Optimization of initial V-SYNTHES hits

Hits identified using V-SYNTHES have a great potential for further optimization because the combinatorial nature of the vast REAL Space of 11 billion compounds ensures thousands of close analogues for structure–activity relationship analysis (SAR). To assess this potential, we performed the first ‘SAR-by-catalogue’ search for three of the most prominent hits (523, 610 and 673) in REAL Space. A chemical similarity search using ChemSpace fast algorithms selected 920 compounds within a Tanimoto distance of 0.3 from the hits. The hits from the initial V-SYNTHES screening containing the same synthons as the selected hit compounds were also added to the list of similar compounds. On the basis of docking in the same CB2 structural model, 121 of these analogues were selected for synthesis, with 104 of the selected compounds synthesized within 5 weeks (Supplementary Table 3). Testing in functional assays detected 60 analogues with a potency that was better than 10 μM (Extended Data Fig. 9 and Supplementary Table 4) and 23 analogues with sub-µM antagonist potency at CB2 (13 for 523 analogues, 7 for 610 and 3 for 673) (Extended Data Figs. 10 and 11). A series of 523 analogues yielded the most potent antagonists, with at least five compounds (733, 736, 742, 747 and 749) in the low-nM range and more than 50-fold CB2 versus CB1 selectivity in their binding affinity and functional potency (Fig. 4). The highest affinity was shown for compound 747 (Ki = 0.9 nM). Similar to their parent V-SYNTHES hit 523, the best analogues 733 and 747 also demonstrated high selectivity against the GPCRome–Tango panel of more than 300 receptors23 (Extended Data Fig. 12). Thus, the V-SYNTHES screen and subsequent SAR-by-catalogue enabled the identification of a CB2-selective lead series with nanomolar activity, good chemical tractability and physico-chemical properties, without requiring custom synthesis.

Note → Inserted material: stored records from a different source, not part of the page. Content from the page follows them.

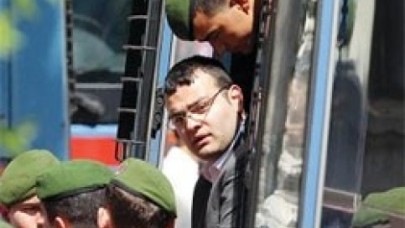 Mahkemede dalga geçti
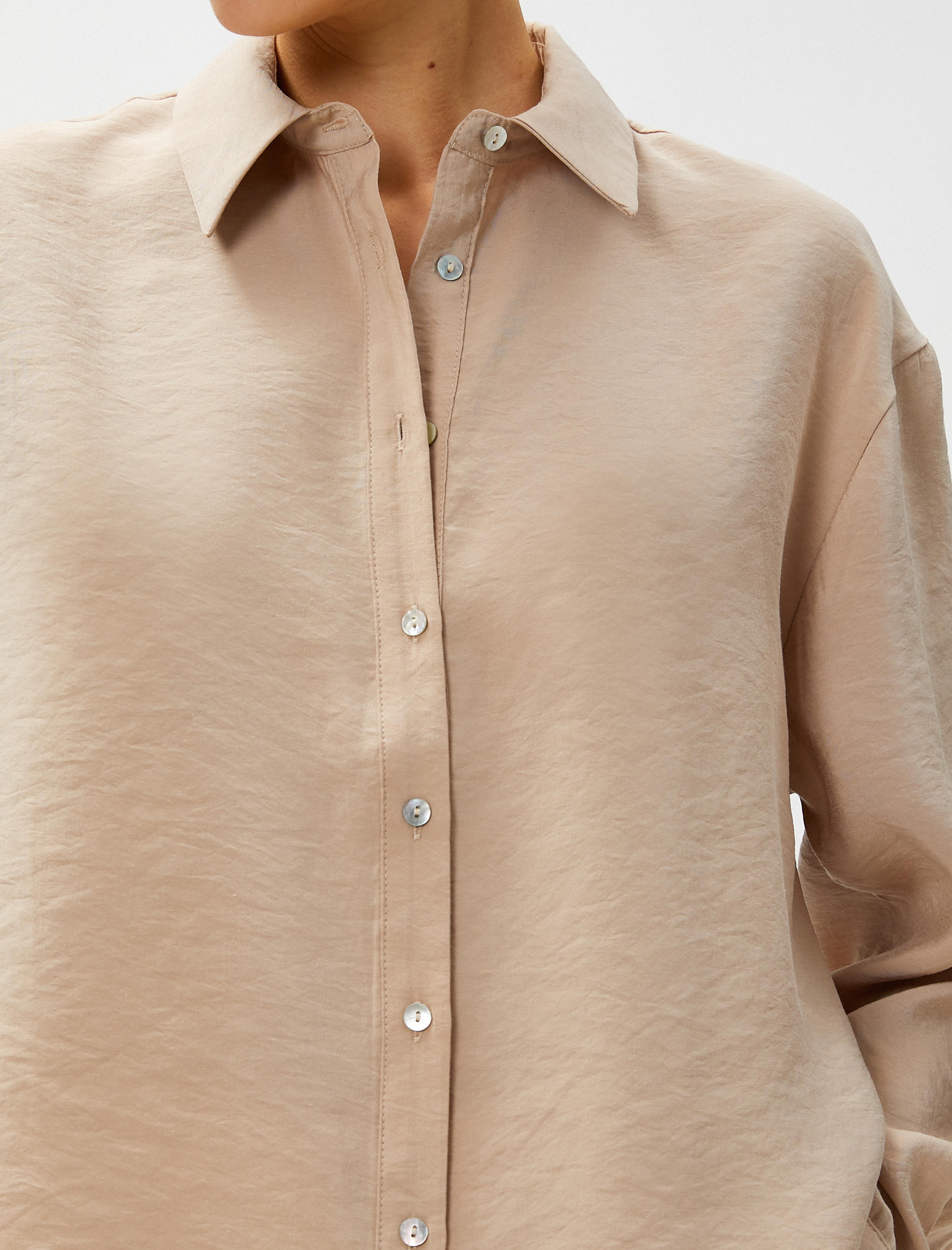   Sırt Detaylı Modal Gömlek Uzun Kollu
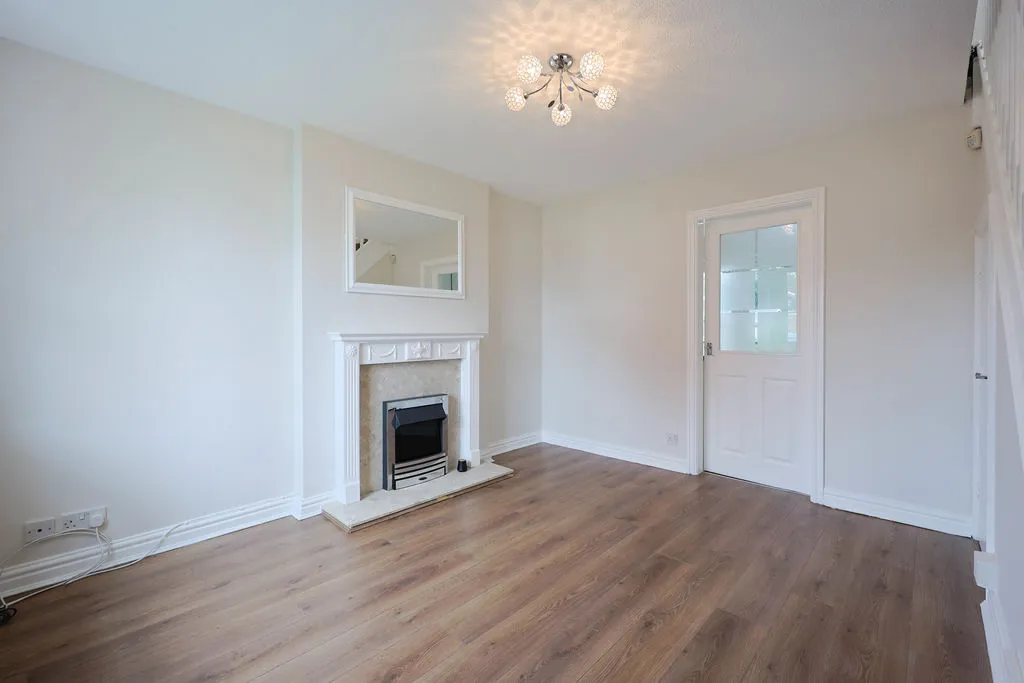 Woodville Road, Ince, photo 5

Fig. 4: Selection and characterization of the best analogue series for CB2 hits from V-SYNTHES screening.
figure 4

a, Chemical scaffold for the antagonist analogues of compound 523. b, Predicted binding poses of the best two analogues 733 and 747 in the CB2 pocket. c, Measured antagonist potencies and binding affinities for the best six analogues of compound 523. d, Dose–response curves for the best six analogues tested in functional β-arrestin recruitment Tango assays at CB2; SR144528 was used as a positive control. e, Dose–response curves for the best six analogues at CB2 tested in a radioligand-binding assay; compound AM10257 was used as a positive control. For d and e, data are mean ± s.e.m. n = 3 independent experiments; each repeat was carried out in triplicate.

V-SYNTHES applied to ROCK1 inhibitor discovery

To assess the more broad applicability of the V-SYNTHES approach, we tested its performance on the Rho-associated coiled-coil containing protein kinase 1 (ROCK1), which is an important and challenging target in cancer drug discovery26,27. We performed a V-SYNTHES screen on 11 billion compounds with minor modifications in the selection procedure (Methods). The benchmark comparing the docking of a random compound subset of two-component REAL Space with the docking of selected MEL fragments (Extended Data Fig. 13) suggests enrichment EF100 ≈ 180 for ROCK1, which is comparable to EF100 ≈ 250 obtained for CB screening.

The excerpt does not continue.